Se desnuda con rapidez y elegancia. Su piel es blanca y su cuerpo parece cuidado. Está tendida boca arriba, con las manos sobre el pecho. Yo estoy a su lado. Tiene los ojos abiertos y mira la luz del cielo raso.
- Cuando mi padre se suicidó me dejó una fortuna en dinero, empresas, propiedades y muchas otras cosas. Ella dijo que era mi hermana, pero nadie le creyó, ni el juez. Quería que yo la ayudara... Después comenzaron las llamadas, las amenazas, cartas, mensajes. La policía entró en mi casa varias veces, de noche, a los golpes, me rompieron las cosas, me robaron. Me siguen en la calle. Hasta que encontré al vigilador. Va conmigo a todos lados, me protege.
Hizo una pausa.
- La semana pasada se peleó con un policía que quería revisar mi casa. Forcejearon y le rompieron la nariz. Luego supe que era su primo...
Su voz se apagaba por momentos. Era una letanía casi incomprensible, como en medio de un templo. Hizo una pausa. Creí escuchar que lloraba.
- Y hoy apareciste tú… Pensé que tú… y él… pero me di cuenta de que eras solo un viejo que quiere sexo.

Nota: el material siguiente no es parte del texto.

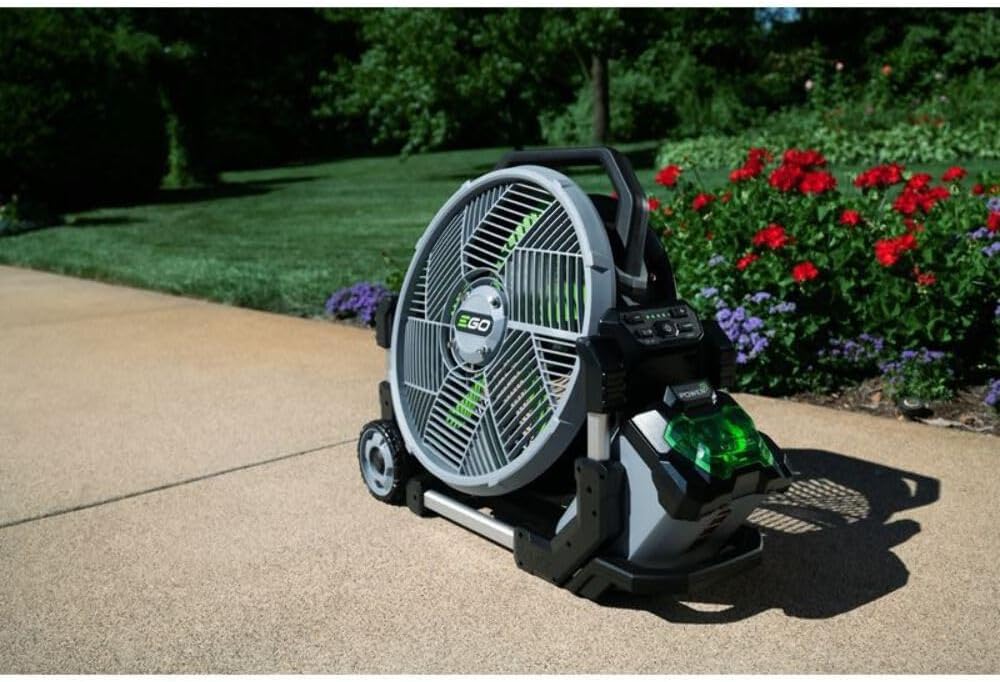 EGO POWER+ Portable Misting Fan, Outdoor Electric 18' 5 Speed Fan, Battery and Charger Not Included - FN1800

- Eres rara. - atiné a decir.
La beso y bebo sus lágrimas. Ella comienza a acariciarse. Los pechos. Luego el resto. Se agita y sacude de placer. Solo puedo mirarla. Es un espectáculo. De repente balbucea.
- Hazme el amor…
La apreté contra mi cuerpo mientras me mordía la oreja.
- ... Antes de que él entre y te mate.